◆ WORK TO COMPLETE: Transcribe the listing below exactly, leaving out each image.

◆ GIVEN INFORMATION:
########

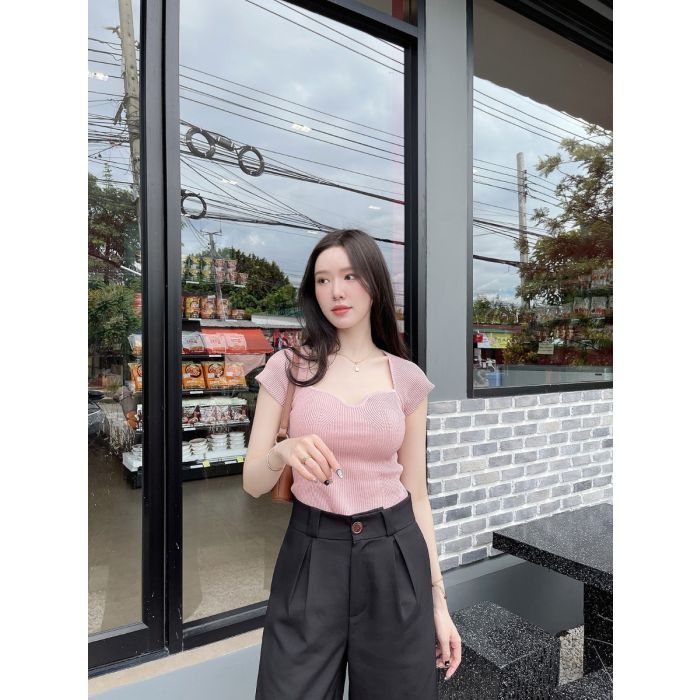 VERO RIBBED KNIT TOP-PINK
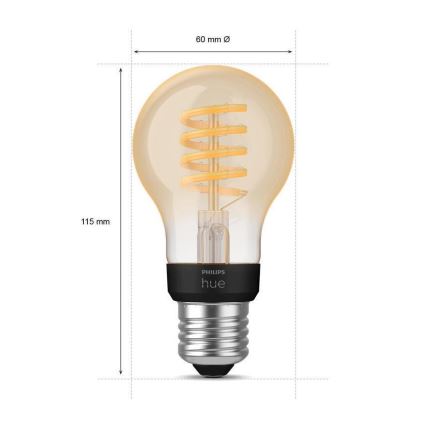 LED Reguliuojama lemputė Philips Hue WHITE AMBIANCE A60 E27/7W/230V 2200-4500K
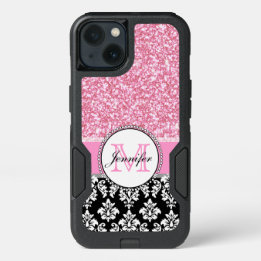 Menina, Rosa, Escuro Negro Brilhante Personalizado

########

◆ EXERCISE OUTPUT:
 VERO RIBBED KNIT TOP-PINK
 LED Reguliuojama lemputė Philips Hue WHITE AMBIANCE A60 E27/7W/230V 2200-4500K
 Menina, Rosa, Escuro Negro Brilhante Personalizado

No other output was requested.